▶ [Exercise objective]:
In the material below, find the line with "A blindfolded figure" and the line with "Durie Tartan Knitted", then output both and every line between them exactly, omitting pictures.

▶ [Records supplied]:

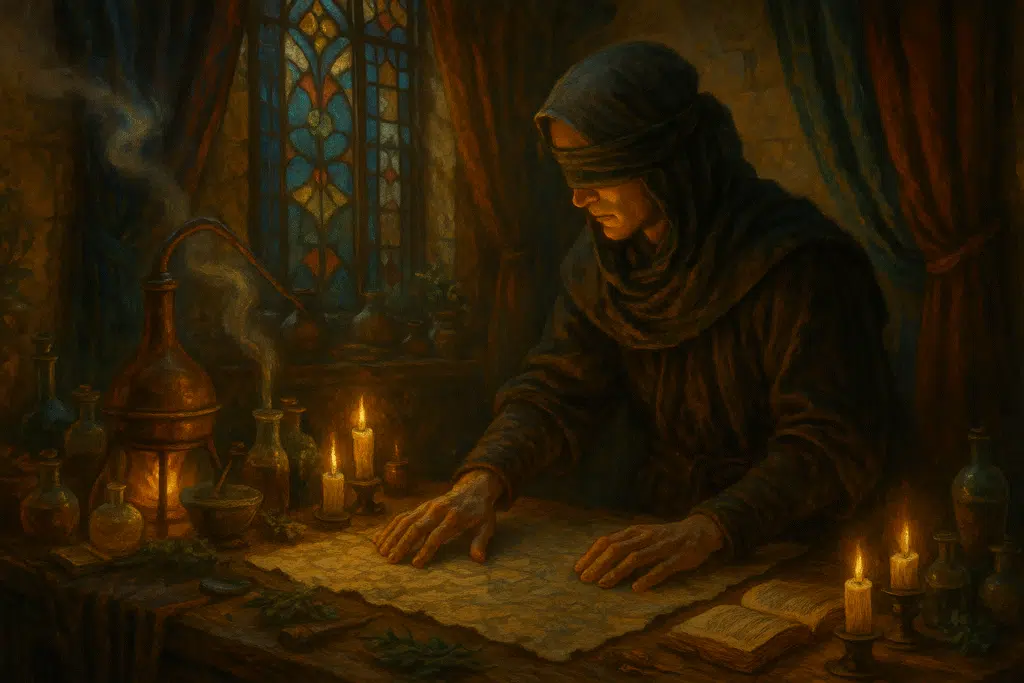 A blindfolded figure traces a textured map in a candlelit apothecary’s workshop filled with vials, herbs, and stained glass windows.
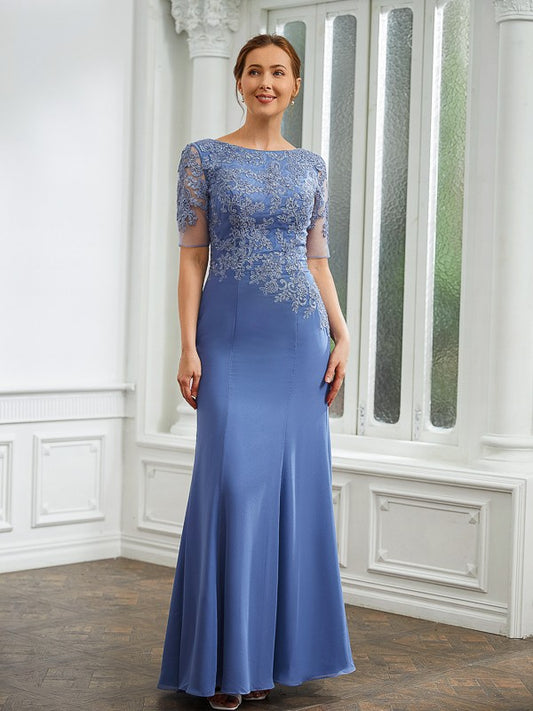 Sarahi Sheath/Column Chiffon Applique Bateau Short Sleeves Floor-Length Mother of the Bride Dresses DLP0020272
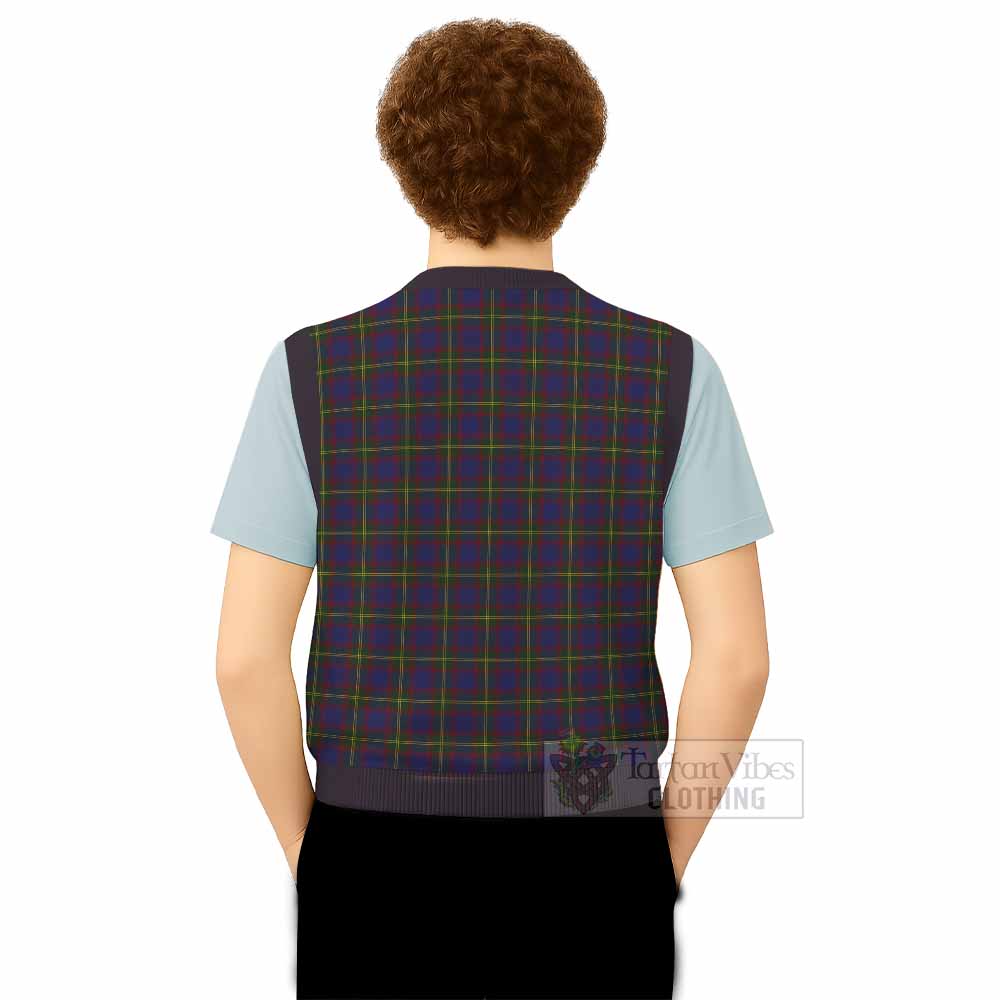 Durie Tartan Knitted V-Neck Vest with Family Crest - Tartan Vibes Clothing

...

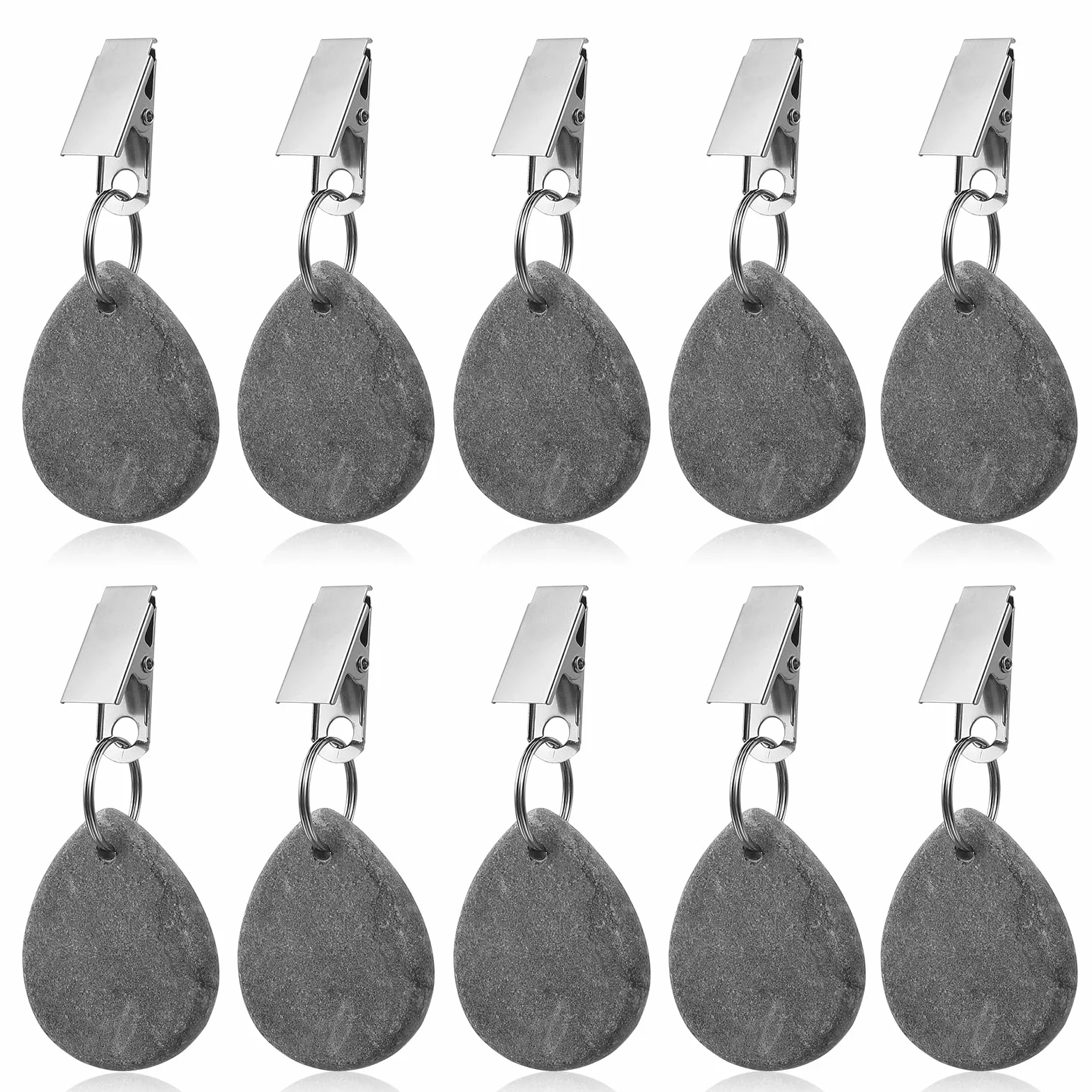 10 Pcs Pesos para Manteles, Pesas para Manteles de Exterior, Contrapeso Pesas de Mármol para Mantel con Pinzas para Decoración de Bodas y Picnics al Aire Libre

▶ [Expected answer]:
 A blindfolded figure traces a textured map in a candlelit apothecary’s workshop filled with vials, herbs, and stained glass windows.
 Sarahi Sheath/Column Chiffon Applique Bateau Short Sleeves Floor-Length Mother of the Bride Dresses DLP0020272
 Durie Tartan Knitted V-Neck Vest with Family Crest - Tartan Vibes Clothing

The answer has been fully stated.